▶ [WORK REQUEST] Leaving the pictures aside, repeat each line below exactly.

▶ [DATA PROVIDED]

====

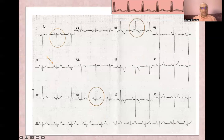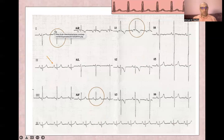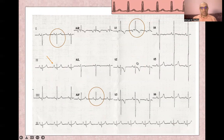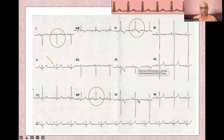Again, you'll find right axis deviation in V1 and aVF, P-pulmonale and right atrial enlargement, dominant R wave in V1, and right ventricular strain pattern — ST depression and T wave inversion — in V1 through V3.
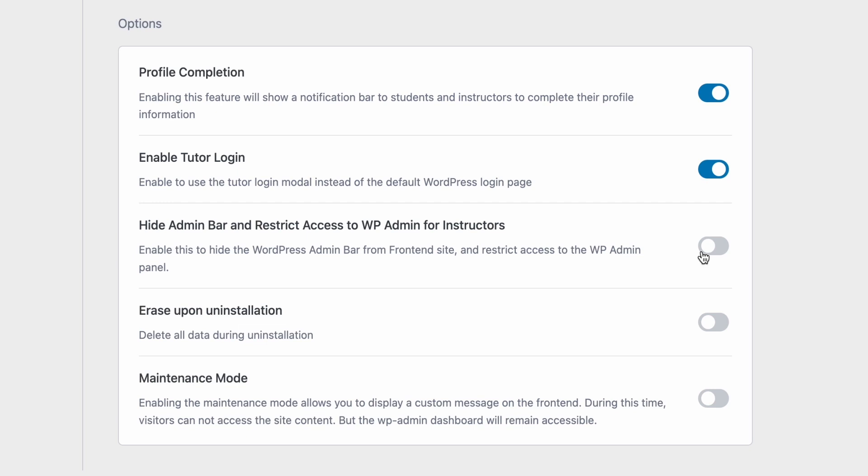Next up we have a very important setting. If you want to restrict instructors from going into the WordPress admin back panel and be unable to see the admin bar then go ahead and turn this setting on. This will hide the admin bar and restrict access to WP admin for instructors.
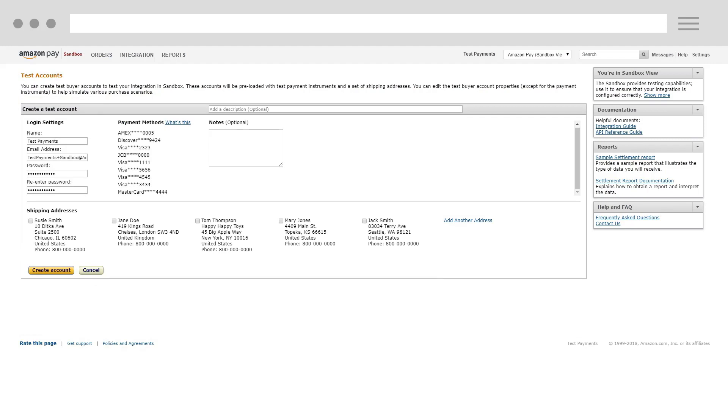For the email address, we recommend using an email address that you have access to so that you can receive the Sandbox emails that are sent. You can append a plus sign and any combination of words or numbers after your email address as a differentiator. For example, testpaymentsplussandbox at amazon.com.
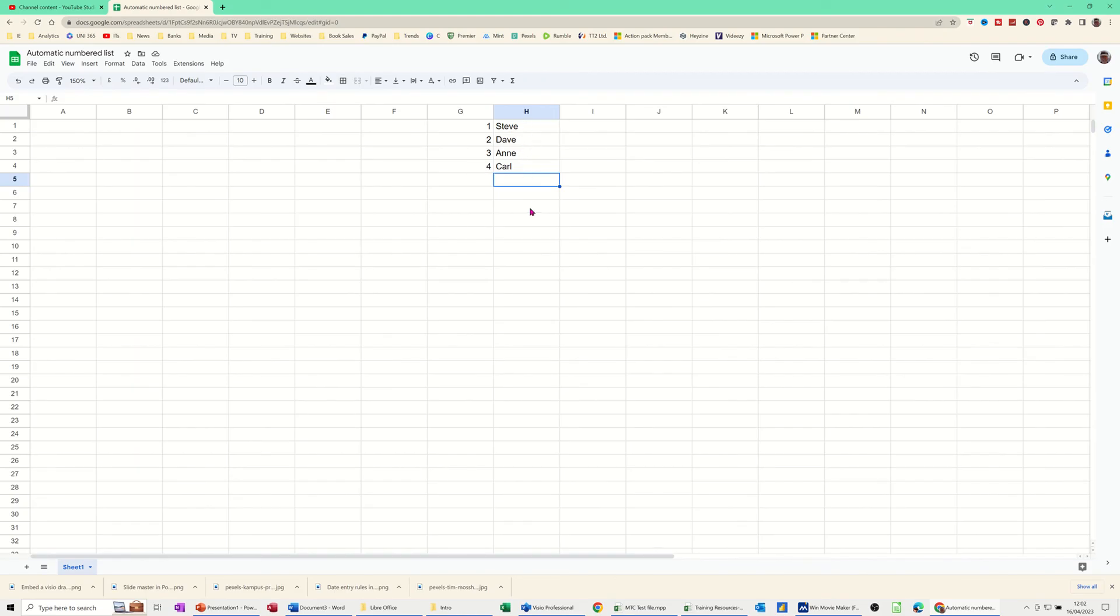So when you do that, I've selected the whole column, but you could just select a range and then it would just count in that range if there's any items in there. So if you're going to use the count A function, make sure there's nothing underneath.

====

▶ [THE ANSWER]
Again, you'll find right axis deviation in V1 and aVF, P-pulmonale and right atrial enlargement, dominant R wave in V1, and right ventricular strain pattern — ST depression and T wave inversion — in V1 through V3.
Next up we have a very important setting. If you want to restrict instructors from going into the WordPress admin back panel and be unable to see the admin bar then go ahead and turn this setting on. This will hide the admin bar and restrict access to WP admin for instructors.
For the email address, we recommend using an email address that you have access to so that you can receive the Sandbox emails that are sent. You can append a plus sign and any combination of words or numbers after your email address as a differentiator. For example, testpaymentsplussandbox at amazon.com.
So when you do that, I've selected the whole column, but you could just select a range and then it would just count in that range if there's any items in there. So if you're going to use the count A function, make sure there's nothing underneath.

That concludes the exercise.